This was followed by a report from the AG on its findings from the annual 2017/18 audit conducted on the Department of Environmental Affairs (DEA). The Department had received an adverse audit opinion. This meant that the financial statements contained material misstatements that were not confined to specific amounts, or the misstatements represented a substantial portion of the financial statements. This was a regression from the previous financial year. According to the audit conducted on the annual performance report, material findings had been found in respect of the usefulness and reliability of the selected programmes.

The DEA responded by outlining the measures it had taken to identify the challenges identified in the audit report, and also highlighted a list of achievements by the Department during the year under review.

Meeting report

Opening Remarks

The Chairperson expressed her deepest condolences to the Committee for the loss of the Minister of Environmental Affairs, Ms Edna Molewa. The Committee observed a moment of silence in her memory.

The Chairperson thanked the Deputy Minister of Finance, Mr Monde Gungubele, for attending the Portfolio Committee meeting. An apology had been received from the Deputy Minister, Ms Barbara Thomson, who was on sick leave. The acting Minister of Environmental Affairs, Mr Derek Hanekom, was expected to attend the meeting, but he was running late as he had some clarifications to make to the Presidency. If he was unable to attend, the Chairperson would engage with him outside the Committee and report back, as his input was crucial when ensuring that officials were held accountable.

The Chairperson explained the previous meetings held in March/April which had led to what was currently known as the position paper, and how it had come into existence. As per the Committee practice, when there was a political principal in the house -- either a minister or a deputy minister – they were accorded an opportunity to give opening remarks or to address the Committee before the presentations commenced.

Deputy Minister Gungubele said that he was attending the Committee as an observer. What had attracted him to the meeting was the nature of the misunderstanding between the Department of Environmental Affairs and the Auditor General of South Africa (AGSA).

National Treasury report

Ms Zanele Mxunyelwa, Acting Accountant General: National Treasury (NT), apologised for not having a presentation document, unaware that the office of the National Treasury was meant to make a formal presentation. Their understanding was that they were invited to observe the outcome of the audit conducted by the AGSA for 2017/18, based on the advice and the meeting which the Office of the Accountant General, AGSA and the Department of Environmental Affairs (DEA) had had in attempt to resolve the confusion over reporting standards.

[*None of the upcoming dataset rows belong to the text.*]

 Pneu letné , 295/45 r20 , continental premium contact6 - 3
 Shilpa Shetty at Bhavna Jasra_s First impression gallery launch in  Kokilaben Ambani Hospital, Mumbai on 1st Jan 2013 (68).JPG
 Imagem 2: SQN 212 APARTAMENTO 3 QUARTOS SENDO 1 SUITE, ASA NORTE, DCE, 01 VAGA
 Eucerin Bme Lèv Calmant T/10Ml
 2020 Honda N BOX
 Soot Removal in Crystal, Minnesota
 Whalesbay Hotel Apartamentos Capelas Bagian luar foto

She said she was accompanied by Ms Lindy Bodewig, Chief Director, Technical Support Services, NT who dealt with International Accounting Standards, and was the key person who developed the standards for the Treasury. Ms Bodewig had been assisting both the DEA and the AG to understand the existing accounting standards. The standards had been in existence since 2009, and therefore were not new.

Ms Mxunyelwa explained that the NT had issued these standards to government departments to use for reporting purposes, yet some were still not complying with these standards. The NT had developed a position paper to act as a guideline which would assist both the government departments and AGSA to implement the set standards. The AGSA would be able to assist the Department on how to adjust their budget to ensure that the classification was correctly done.

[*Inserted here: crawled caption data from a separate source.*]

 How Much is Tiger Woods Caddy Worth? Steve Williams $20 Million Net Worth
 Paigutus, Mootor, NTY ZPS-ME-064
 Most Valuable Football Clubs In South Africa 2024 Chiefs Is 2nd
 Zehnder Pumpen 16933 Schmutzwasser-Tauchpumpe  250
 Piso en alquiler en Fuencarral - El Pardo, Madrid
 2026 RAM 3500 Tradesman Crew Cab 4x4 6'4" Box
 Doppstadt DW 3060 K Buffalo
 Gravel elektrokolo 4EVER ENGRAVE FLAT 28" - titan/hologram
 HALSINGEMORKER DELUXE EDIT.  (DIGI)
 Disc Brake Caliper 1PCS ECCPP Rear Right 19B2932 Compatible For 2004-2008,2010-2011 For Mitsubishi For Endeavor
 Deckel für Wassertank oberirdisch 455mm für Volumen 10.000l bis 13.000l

Following the Portfolio Committee meeting held on 30 April 2018, the Office of the Accountant General (OAG) had visited the DEA in attempt to establish challenges that the Department faced with the reporting standards. The OAG had further engaged with the AG to discuss specific projects such as fire, water and waste, SANParks and various other entities that the Department was doing business with, which were a source of contention between the AG and the DEA. After much deliberation, the Accountant General and the Auditor General had reached consensus on how report on these projects. The OAG had assisted the Department to update their books for the financial year 2017/18, to ensure that the proper classification was there.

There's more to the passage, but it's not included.